U.S. companies are increasingly turning to African markets as desirable places to sell their products and services. However, as international business dealings continue to rise, so too does the risk of Foreign Corrupt Practices Act (FCPA) violations. Companies doing business in Africa need to know how to effectively manage and minimize their corruption risks.
The Foreign Corrupt Practices Act [15 U.S.C. § 78dd-1, 15 U.S.C. §§ 78m(b)(2)(A) and (B)of 1977 is a well-established US law which impacts every US company which does business outside the USA.
The FCPA has an Anti-Bribery provision which makes it a crime for any US individual, business entity or employee of a US business entity to offer or provide, directly or through a 3rd party, anything of value to a foreign government official with corrupt intent to influence an award or continuation of business or to gain an unfair advantage.
The standard of intent and knowledge in the Anti-Bribery cases is minimal – intent and knowledge are usually inferred from that fact that bribery took place. The government does not lose FCPA cases. Below are 5 FCPA basics that companies expanding into Africa need to be aware of to stay compliant.
1. Understand your company’s risk of being involved in bribery.
Companies must assess the risk of FCPA violations in their international business. Understand every way in which your business has contact with government customers or government employees. For most companies 80% of the FCPA risk will come from less than 20% of your business.
Some countries expose US companies to very high risk of corruption. The Transparency International Corruption Perception Index is an accurate, useful tool you should know and use. The Corruption Perceptions Index ranks countries/territories based on how corrupt their public sector is perceived to be. A country/territory’s score indicates the perceived level of public sector corruption on a scale of 0 – 10, where 0 means that a country is perceived as highly corrupt and 10 means that a country is perceived as very clean.

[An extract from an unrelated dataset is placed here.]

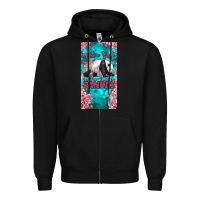 Just A Girl Who Loves Pandas Zipper Hoodie | Teevron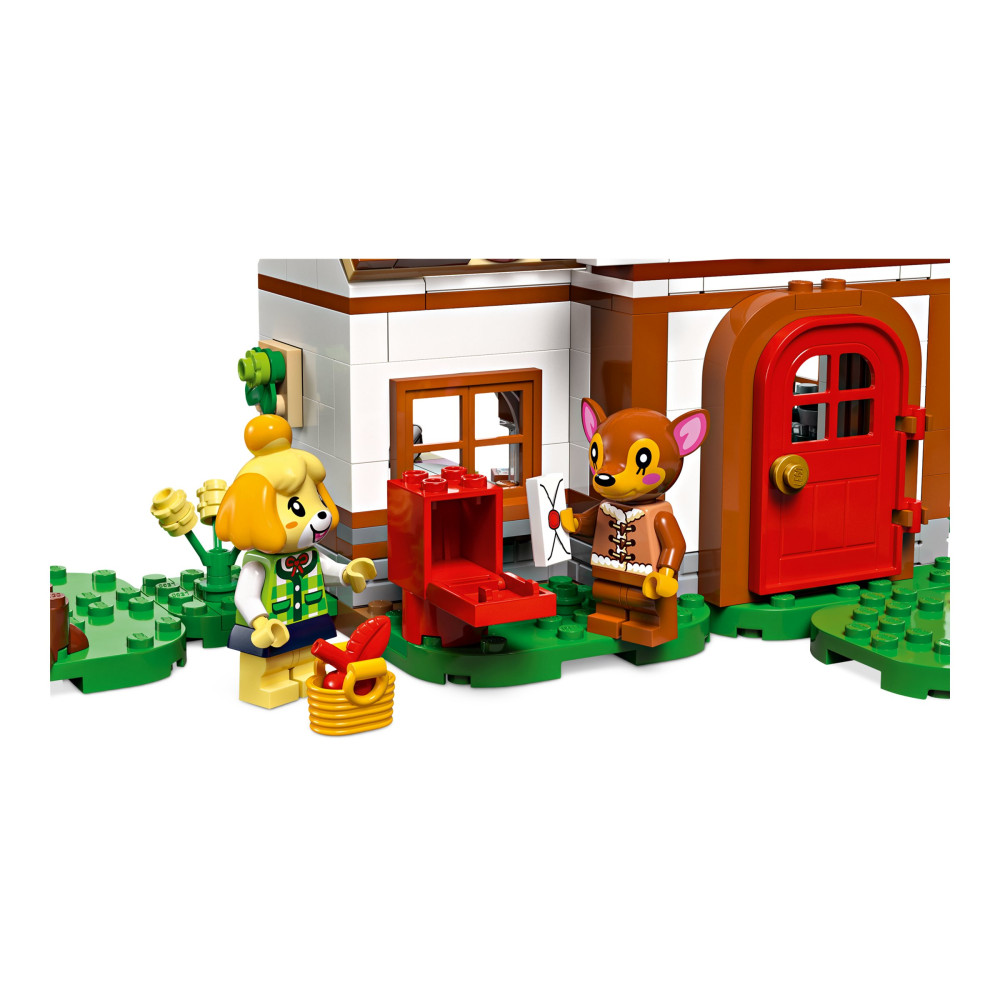 Produktbild för LEGO Animal Crossing 77049 - Isabelles husbesök - byggsats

According to the 2011 Index, a good number of African countries scored between 2 and 2.9
2. Have an FCPA Compliance Department Within Your Organisation.
Any company that is doing international business, should enact a standalone FCPA Compliance Policy with a member of the senior management team of the company to oversee it.
3. Train your team.
Train your board, managers and employees on corruption risks in your industry, the countries where you do business and the business model your company is using. Many US companies do not train the third parties who facilitate their international distribution, even though these third parties represent their highest FCPA risk.
4. Conduct due diligence.
The government assumes you have conducted reasonable due diligence background investigations on your intermediaries and have determined they are not involved in corruption. It is important to understand who your intermediaries are, how many you have, why you are using them, and who in your company has authority to enter into a contract with them.
5. Include clear FCPA terms in every international contract.
Your contracts should specifically mention the importance of FCPA compliance and require your partners to represent that they know the elements of the law and will comply with it.
As U.S. companies take advantage of the Rising Africa, they must remain diligent in their FCPA compliance. Due diligence before entering any transaction will reduce problems in any investigation by the Government.